Help Centre

Best practice
Data import pattern

This is the standard pattern for importing files to a pipeline.

Stage 1: Import, Map and Cleanse

Inputs

Set the inputs from a feed to auto-update, so every time new data is received, it will be imported to the pipeline.

1.1 Transform to a single-header table

Usually this requires two steps, in this order:

  1. Remove rows with less than [3] columns: if there is data above or below the main table, this operation will strip it out. The column filter function in Remove Rows can also be included to strip out subtotals (e.g. remove rows where column ‘unnamed’ contains ‘total’).
  2. Detect headers : define the number of rows which will be used as headers, combining double or multiple headers into a single header row.

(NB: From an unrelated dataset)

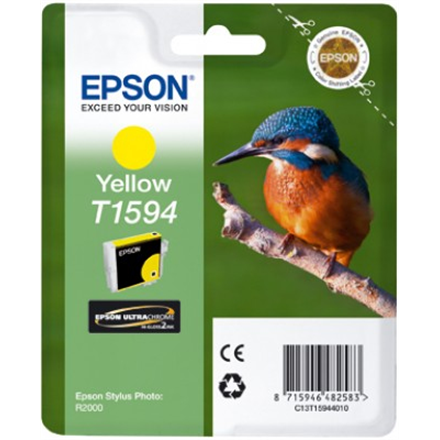 Epson T1594 rašalo kasetė, Geltona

Occasionally, there may be files which require additional steps:

1.2 Map Headers to interim schema

Use Map Column Headers to map the incoming data to a master schema. Consider using an interim schema rather than jumping straight to the final output.

Store master headers in the Data Repo
In the data repo, store your master schema as a file containing only headers, then bring this into Map Column Headers as a source. Define the master schema from this file and map the other source files to it.

1.3 Append metadata, basic cleansing and validations

Stage 2: Union

Inputs

All Stage 1 outputs

Set Linked Stages ON on the Stage 1 outputs. When new files are brought in to Stage 1 they will flow through to Stage 2 automatically, and then through to the rest of the pipeline.

The Union stage can be followed by any combination of stages required to achieve the target outputs.

Why we recommend using a Union as Stage 2
The output ID from a Union Stage is immutable, so stages referencing it are not affected by changes to the Union's input files. Using a Union early makes the pipeline faster to Trace and more resilient to configuration changes.